# Are 2H bumper pulls dangerous to pull with only 1 horse?



## NicoleS11 (Nov 21, 2008)

This might be a stupid question…

Im finally looking into buying a horse trailer of my own. I board at a place that when we go penning they haul my horse for me which is great! But there are times that I would like to go to a practice or show on my own. 

So im looking into getting a 2H straight haul bumper pull. Is it dangerous to haul this trailer with only one horse?? Would there be to much weight on one side and make the trailer want to swing out to one side or any thing? For some reason this scares me to the point that I thought about spending the extra money just to get a 3 horse angle haul. Am I crazy?


----------



## Delfina (Feb 12, 2010)

2H Bumper pulls are fine with a single horse, just put the horse on the left-side. 

Absolutely no need to get a gigantic trailer for a single horse.


----------



## ahtruett (Mar 22, 2011)

*Bumper Pull with One horse*

I in the same situation and looking for a 2H bumper too. I don't think it would be, seems I see people pulling with one horse alot, but I am by NO means an authority. Curious, what brand are you looking at of trailers?


----------



## NicoleS11 (Nov 21, 2008)

ahtruett said:


> I in the same situation and looking for a 2H bumper too. I don't think it would be, seems I see people pulling with one horse alot, but I am by NO means an authority. Curious, what brand are you looking at of trailers?

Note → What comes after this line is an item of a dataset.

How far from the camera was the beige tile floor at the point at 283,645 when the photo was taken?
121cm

Im looking at the new Exiss 2H...they make straight or angle so I guess I could always go with an angle


----------



## Cowgirl140ty (Jan 7, 2010)

Delfina said:


> 2H Bumper pulls are fine with a single horse, just put the horse on the left-side.
> 
> Absolutely no need to get a gigantic trailer for a single horse.


Exactly. I have a two horse bp and there are plenty of times I haul only one. YOu just always want the most weight on the driver side (here in the US). 
Because if you have one horse on the right side.... and you drop off the shoulder... it increases your chances of an accident.


----------



## RitzieAnn (Dec 22, 2010)

If you have the option of a 2 straight or 2 slant, why are you opting for the straight? Curious.
_Posted via Mobile Device_


----------



## NicoleS11 (Nov 21, 2008)

I would go for either angle or straight....price will make the decision on what I end up with.


----------



## Alwaysbehind (Jul 10, 2009)

Delfina said:


> 2H Bumper pulls are fine with a single horse, just put the horse on the left-side.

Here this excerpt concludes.